A far data dal 19 novembre scorso Agea non può più dare corso al pagamento degli aiuti dell’Unione europea all’agricoltura – del primo e del secondo pilastro – in assenza di adeguata certificazione antimafia che le aziende dovranno chiedere alle Prefetture di tutta Italia. Agea per procedere al pagamento deve a quel punto attendere o che arrivi la documentazione, o che decorrano i 30 giorni del silenzio assenso. Un tempo lunghissimo per le aziende. E intanto non arrivano nuove modifiche, oltre quelle già approvate al Senato sul decreto fiscale di fine anno.

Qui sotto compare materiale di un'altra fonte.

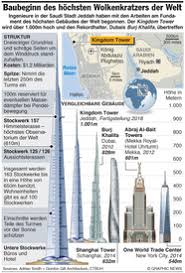 Melee towers, also known as barracks towers, are one of the four main tower types in the kingdom rush series. Saudi Arabien Hochster Turm Der Welt In Planung Infographic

Pertanto, è prevedibile che le Prefetture saranno prese d'assalto dalle domande degli enti pagatori, Agea in testa, e che non saranno neppure nelle condizioni di erogare il servizio, in mancanza di un potenziamento di queste strutture.

Potenzialmente sono esposte a questo blocco tutte le oltre 900mila imprese agricole italiane, pari ad oltre un milione di aziende, anche se un emendamento al decreto fiscale dovrebbe limitarne in futuro la portata, stabilendo una soglia di 5000 euro di contributi erogabili, al disotto della quale non sarebbero necessarie né l’informativa antimafia né la relativa documentazione. 

Entro il 7 dicembre prossimo il decreto fiscale – blindato dal governo alla Camera dei deputati, dopo l’approvazione al Senato - dovrà diventare legge, a causa dell’avvicinarsi di alcune scadenze, e quindi l’unica limitazione che si avrà per quella data - la soglia dei 5000 euro di contributi - sembra destinata ad andare in vigore senza ulteriori modifiche.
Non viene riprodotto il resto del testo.